(Reuters) - Kevin Durant says Colin Kaepernick’s protests during the U.S. national anthem “touched a nerve” in society and sparked a national conversation about issues such as racial equality, the Golden State player told the San Jose Mercury News.
In an interview published on Monday, Durant said he admired the former San Francisco 49ers quarterback for taking the stance, despite the backlash it provoked.
“It definitely put me in a different place because we just started talking about stuff that’s always been going on,” Durant said.
“It was really out of nowhere ... He shocked everybody by doing that.
“You just see he touched something in people that we didn’t know was there,” Durant said. “I posted a picture of him on my Instagram, and the comments under that were ridiculous.
“So he kind of touched a nerve and the outrage from it made me a fan of him just because he decided to take all that on ...”
Kaepernick has been unemployed this season despite injuries at other teams that have created job openings. Some experts attribute his political activism as the key reason teams are wary of signing him.

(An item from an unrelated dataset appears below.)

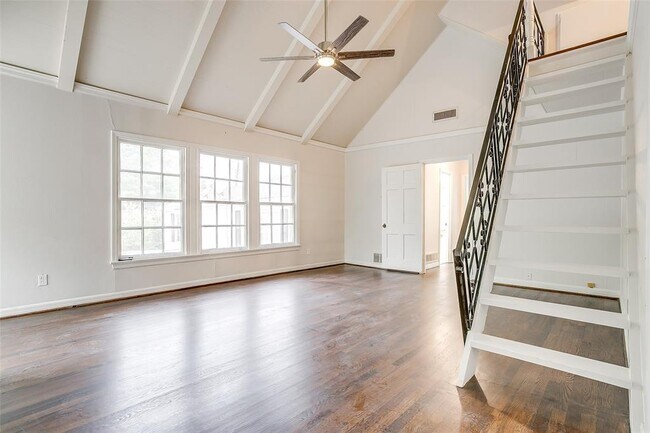 Building Photo - 404 Monticello Dr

He opted out of his contract with the 49ers in the offseason but has said his agent reached out to all 32 teams to make sure they were aware of his interest in playing this season.

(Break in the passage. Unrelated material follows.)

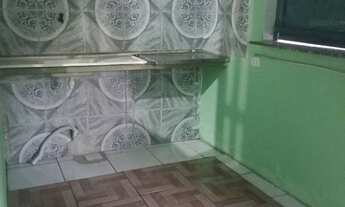 Imagem 2: Alugo kitnet espaçosa em Trindade/ ótima localização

The protests began in 2016 when Kaepernick began sitting and later kneeling during the anthem to call attention to the killing by police of unarmed black men and boys across the United States, as well as racial disparities in the criminal justice system.

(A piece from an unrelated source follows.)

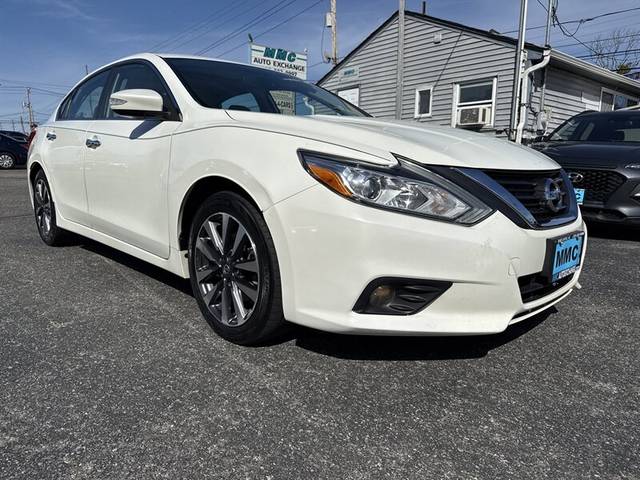 2016 Nissan Altima 2.5 SV FWD photo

Kaepernick inspired many NFL players to kneel in protest during renditions of the national anthem, most notably in September after U.S. President Donald Trump said kneeling players should be fired for disrespecting the country.
Durant, 29, who moved to the NBA champion Warriors last year after eight seasons with the Oklahoma City Thunder, said his focus on basketball had helped insulate him from trouble when he was growing up.
“I kind of grew up in this basketball world, whereas my talent kind of overrides what I look like,” said the 2014 NBA Most Valuable Player.
“I didn’t have it as rough when it comes to that, as far as social or systematic oppression or any social issues. They didn’t really apply to me because I could put a ball in a basket.”